Field of View III ~Now Here No Where~ is the third studio album by Japanese group Field of View. The album was released on September 30, 1998 by Zain Records. The album reached #13 on the Oricon chart for first week with 32,790 sold copies.
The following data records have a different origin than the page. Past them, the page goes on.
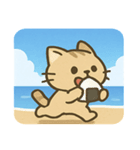 海のネコ2@SFW（個別スタンプ：3）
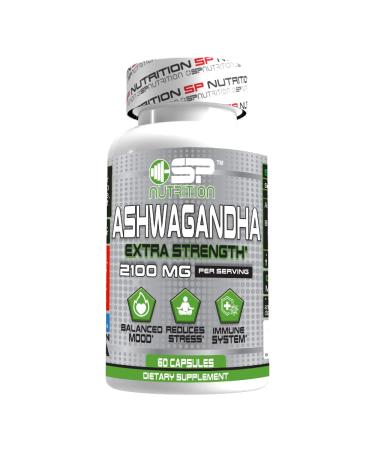S Nutrition Ashwagandha Extra Strength Supplement 2100mg per Serving 60 Capsules Stress & Mood Support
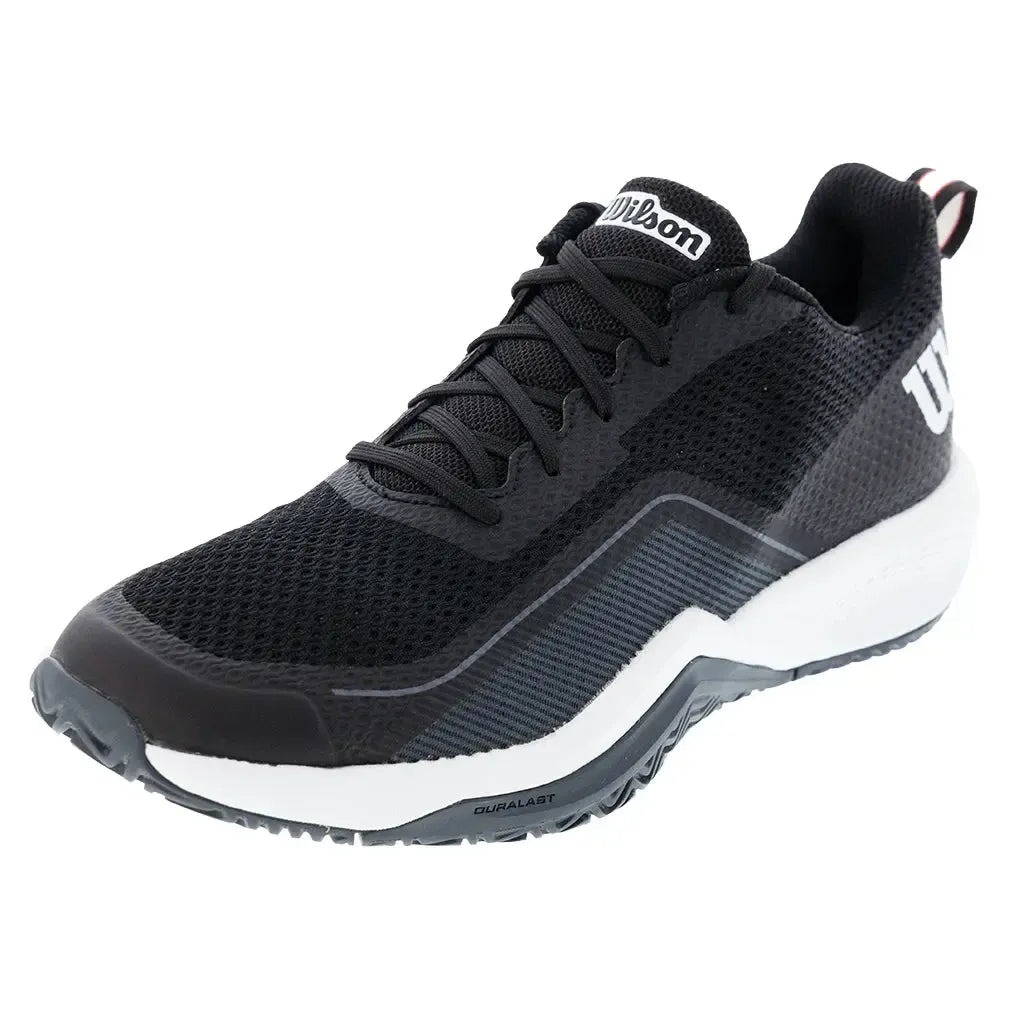 Men's Rush Pro Lite Tennis Shoes Black and Ebony-Footwear-Wilson-WRS333210-S2401copy-Tennis Express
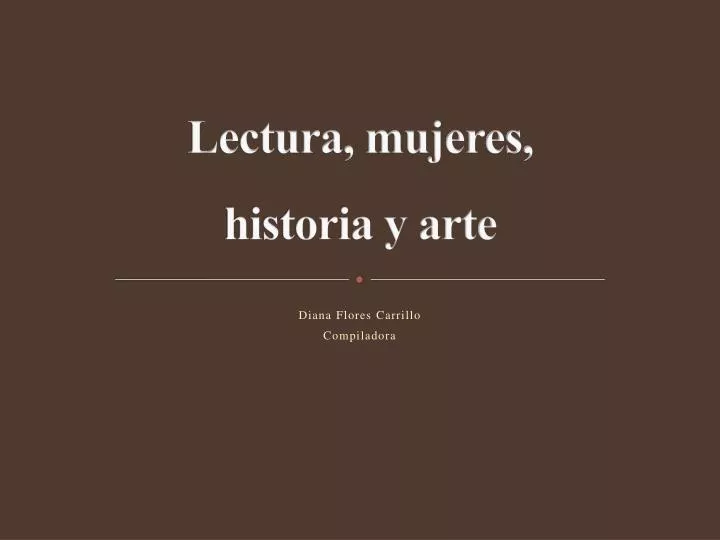 lectura mujeres historia y arte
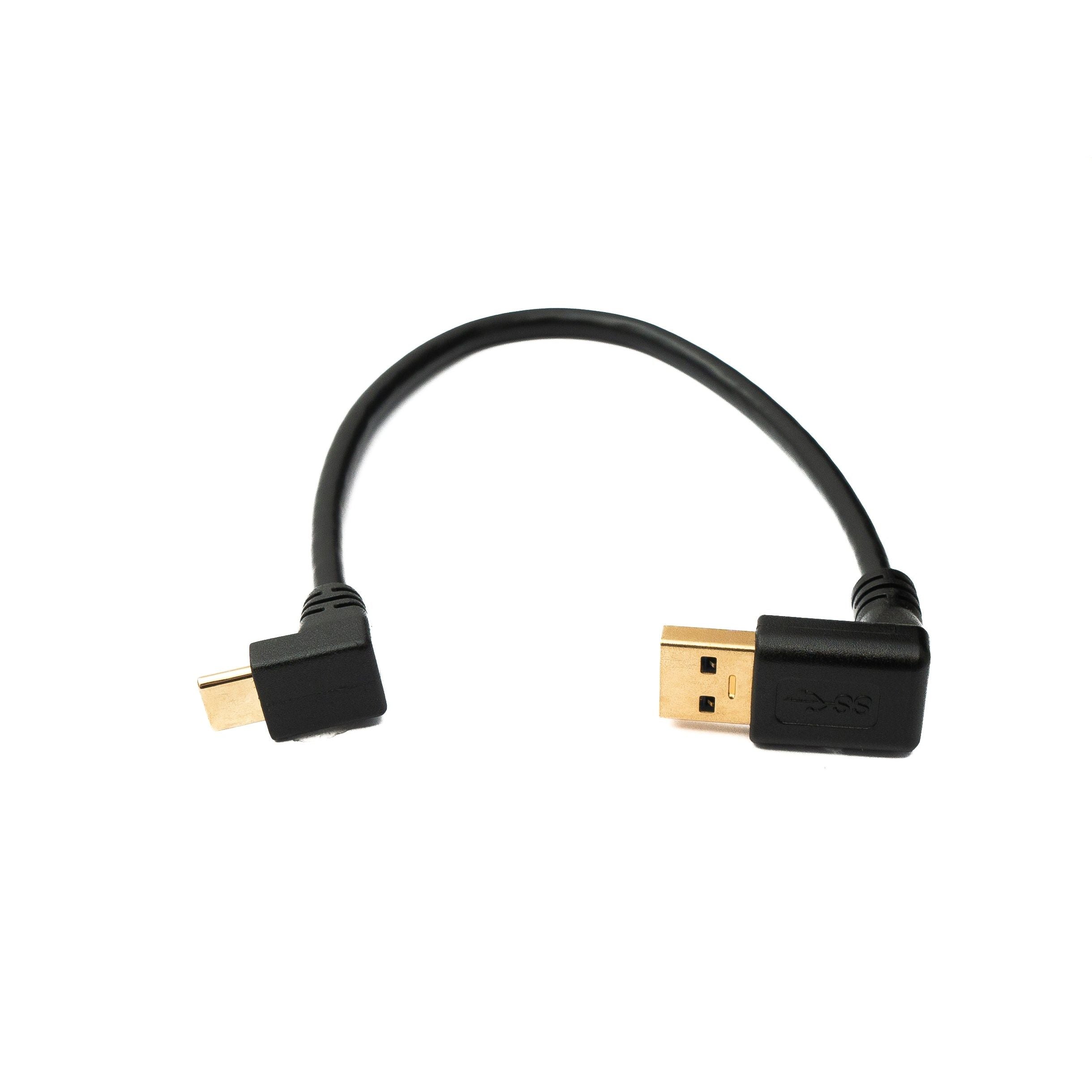 Systemhaus Zakaria USB C Zu USB A Winkelkabel Mit Auf Ab Winkelstecker 5 Gbit SuperSpeed 20 Cm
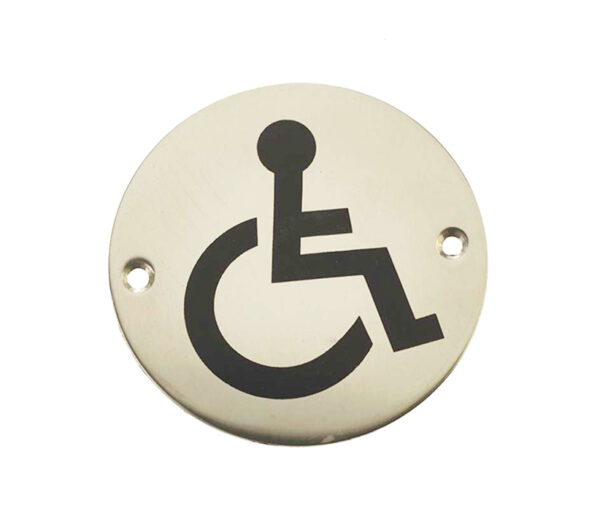 Disability Pictogram Sign (75mm Diameter)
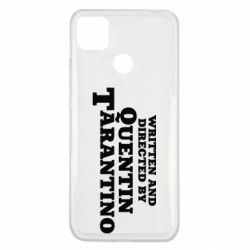 Чехол для Xiaomi Redmi 9c Written and directed by Quentin Tarantino - PrintSalon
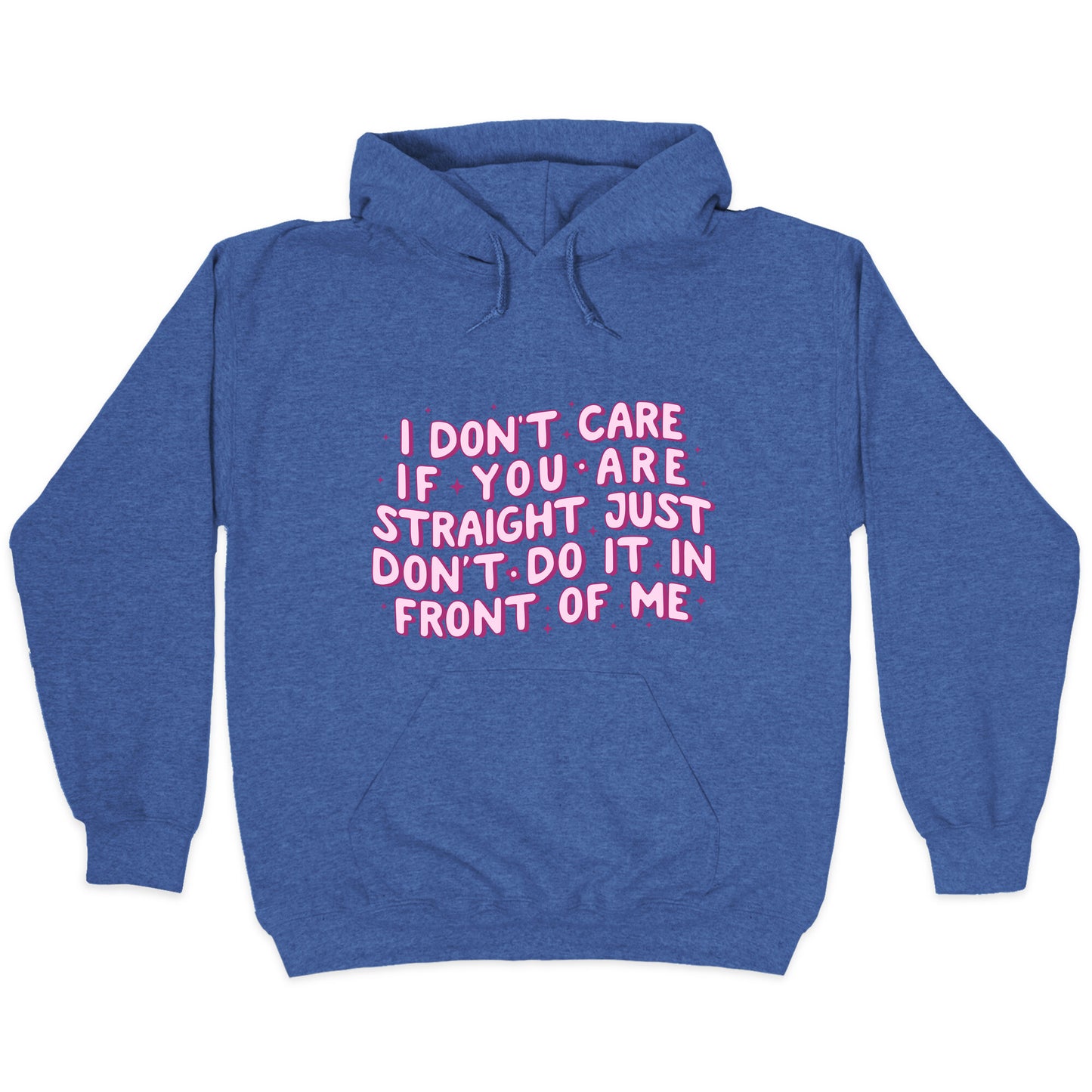 I Dont Care If You Are Straight Hoodie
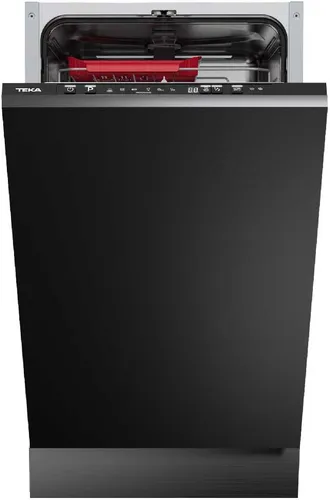 Teka DFI 44850 Geschirrspüler, Voll integriert, 45 cm, Schwarz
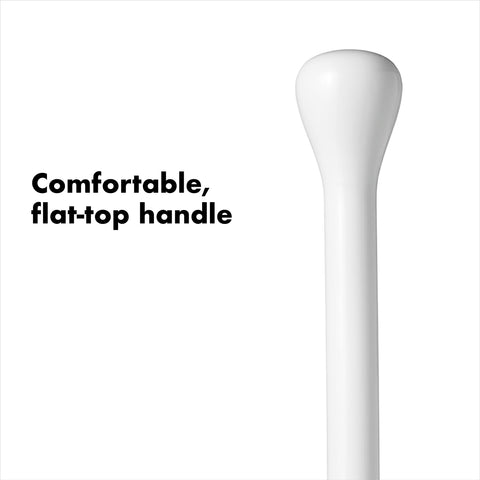 OXO Good Grips plunger works with low-flush toilets for versatile use.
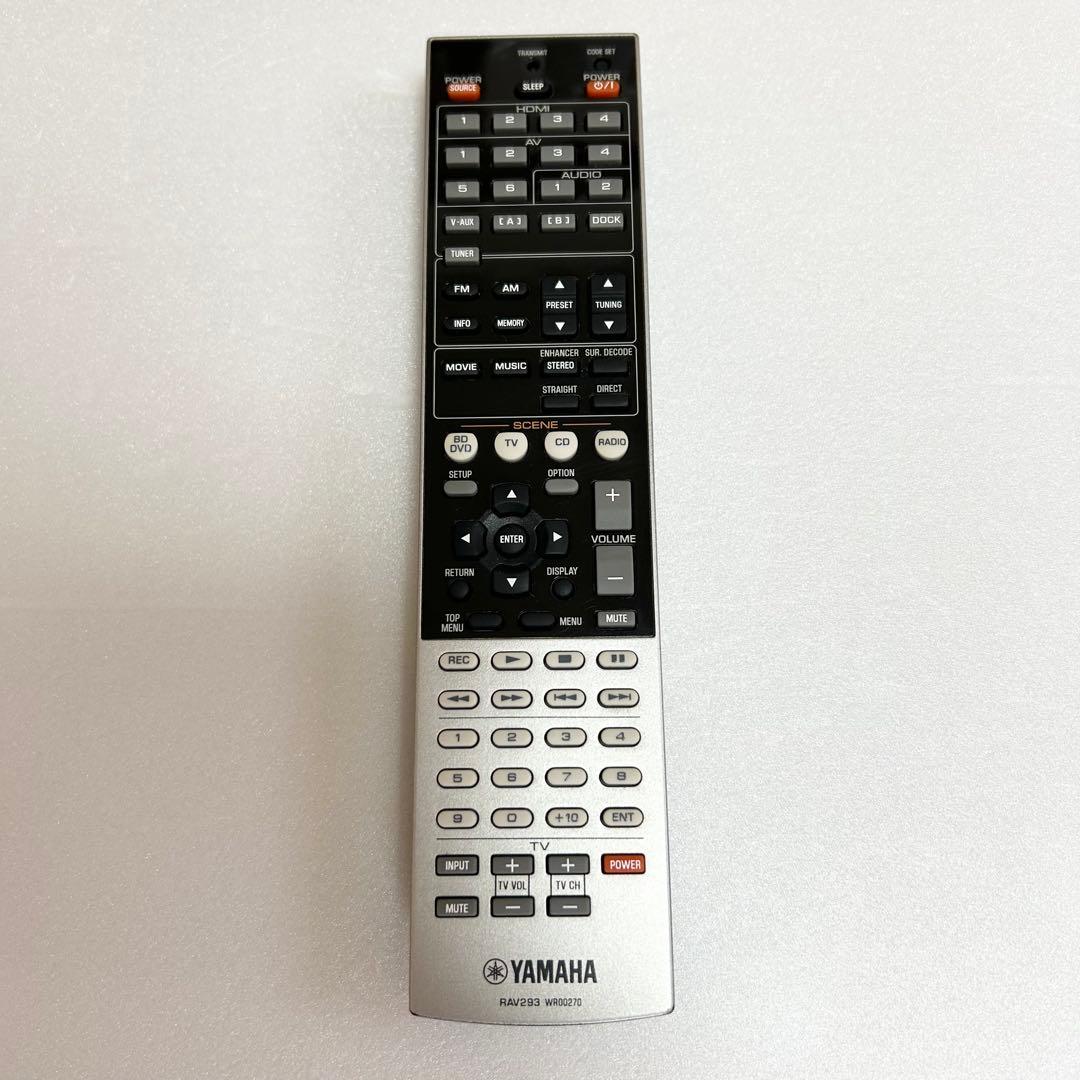 YAMAHA ヤマハ AVアンプ 5.1ch ブラック AX-V465 動作品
It charted for 4 weeks and sold 49,940 copies.

==Track listing==

| No. | Title | Lyrics | Music | Arranger(s) | Length |
|---|---|---|---|---|---|
| 1. | "Kaze yo" (風よ) | U-ya Asaoka | Takuto Kohashi | Daisuke Ikeda Field of View | 3:58 |
| 2. | "Owaranai Koi ~Hitotsu ni naru~" (終わらない恋〜ひとつになれ) | U-ya Asaoka | Kenji Niitsu | Field of View | 3:48 |
| 3. | "Kawaita Sakebi" (渇いた叫び) | Miho Komatsu | Miho Komatsu | Masazumi Ozawa (Pamelah) | 4:37 |
| 4. | "Kimi wo Terasu Taiyou ni" (君を照らす太陽に) | U-ya Asaoka | Takashi Oda | Daisuke Ikeda Field of View | 3:55 |
| 5. | "everywhere" | U-ya Asaoka | Takuto Kohashi | Daisuke Ikeda Field of View | 3:35 |
| 6. | "Kimi ga Inai dake" (君がいないだけ) | U-ya Asaoka | U-ya Asaoka | Field of View | 3:31 |
| 7. | "Natural" | U-ya Asaoka | U-ya Asaoka | Daisuke Ikeda Field of View | 4:46 |
| 8. | "Omoidasu yo Kimi no Egao wo" (想い出すよ 君の笑顔を) | Kanako Oda | Kenji Niitsu | Daisuke Ikeda Field of View | 3:57 |
| 9. | "Nagareru Kumo" (ながれる雲) | Takuto Kohashi | Takuto Kohashi | Daisuke Ikeda Field of View | 4:55 |
| 10. | "I'm thinking a lot of you" | U-ya Asaoka | U-ya Asaoka | Daisuke Ikeda Field of View | 3:37 |
| 11. | "Meguru Kisetsu wo Koete" (めぐる季節を越えて) | U-ya Asaoka | U-ya Asaoka | Daisuke Ikeda Field of View | 5:11 |

==Usage in media==
- Kawaita Sakebi was used as the opening theme for the 1998 anime adaptation of Yu-Gi-Oh!
- Meguru Kisetsu wo Koete was used as the ending theme for the Fuji TV program Unbelievable.
- Kimi wo Terasu Taiyou Ni was used as the ending theme for the Tokyo Broadcasting System Television program "Uwasa no! Tokyo Magazine".

==Cover==
Miho Komatsu covered "Kawaita Sakebi" on her 6th studio album Hanano.